Another more obscure example of a token would be aluminum drink can. I remember when I was younger there would be a label behind my favourite off-the-shelf chrysanthemum tea can that indicated that if you returned the empty can to the producer, you would be entitled to a $0.02 reward. This was used as an incentive to recycle the can after drinking it.
The examples are limitless in the real world.
The Next Evolution Of Tokens
Cryptographic tokens essentially combine all the underlying properties of regular tokens and links them together with a blockchain network, a wallet software and a blockchain address.
The ownership of these tokens can be publicly known (owning Bitcoin) or privately known (ownership of an apartment). These tokens in essence are a way for the owner to be granted access rights to a network, asset or information.
Using a wallet software, the private-public key asymmetrical cryptography proves that you own the tokens in your wallet because the tokens are signed with your private key that only you should have access to. By the very logic of that knowledge, we can then attribute certain access rights to you because of the process (just like a house key only you have).
The easiest way to issue tokens is through the ERC-20 token which is the standard plain vanilla smart contract that Ethereum has come to be known for. This allows you to create tokens with a few lines of code without having to build a whole blockchain network from scratch. There are other kinds of smart contracts that will support various different types of tokens. For example, NFTs are under the ERC-721 protocol and are meant to be non-fungible in nature. I will be discussing more about NFTs next week stay tuned for that!
One of the biggest issue with tokens is that if your token is based on the Ethereum network, you are not supposed to be able to interact another network say, the Bitcoin network.

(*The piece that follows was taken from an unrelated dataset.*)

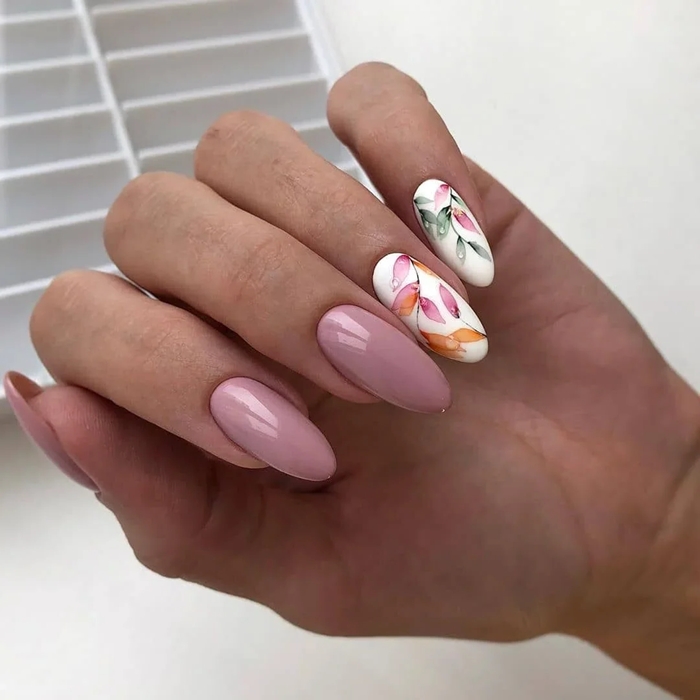 ongles de printemps 2021 vernis nuance de rose poudré décoration ongle blanc motif fleurs colorés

Which makes sense because both networks speak completely different languages and therefore will be unable to transfer their native tokens with one another’s network.
Entrepreneurs are now catching on to the value in solving this problem and as a result, we now see a proliferation of “bridging” projects. Projects that aim to be the bridge between two networks, acting almost like a translator between the two.
On paper, these projects are meant to boost interoperability in this whole blockchain ecosystem but neither have I used these services nor have conducted detailed studies on these bridges to give you a true assessment on it’s efficacy.
If these bridging projects are able to deliver on their promise, it would mean that tokens will experience a greater network effect and will become even more liquid, thus greatly influencing the mass adoption of cryptographic tokens into daily lives.
So, now that we know what cryptographic tokens are, what’s the next question that we should be asking?
What Is The Right Cryptographic Token For My Business?
When thinking of tokenising a service or a part of a business, what are the considerations that should be made in order to design the right token?
There are a couple of properties that a token should have and although this list is not exhaustive, it gives you a foundational understanding of what you need to think about before concocting your very own token.
Property #1 — Technical Aspect
Do you need to built your token on the protocol level or can you build your token on the application level?
This is one of the most important questions that a token designer needs to ask. If you need a token that is implemented on the protocol level, it means that you need to create a whole new protocol in order to issue your tokens, which means that you will need to design all the policies and intricate details of your network.
If you’re building your token on the application level (Dapp), then this second-layer token (Your decentralised app) is riding on the coattails of the first-layer protocol (Ethereum). Your development cost would probably be lowered significantly and you could launch your product efficiently, however, the project might be hampered from changes on the first-layer.
For example, if the price of Ethereum increases significantly, so too would the transactional fees that your customers will need to pay to gain access to your service. This could affect your business tremendously.
Property #2 — Access Rights
Tokens can represent your rights to claim a number of things, mainly:
- The rights to an asset I own
- Access rights to the services that someone is providing
- The ability to vote
Understanding this will help you to know what your token is used for.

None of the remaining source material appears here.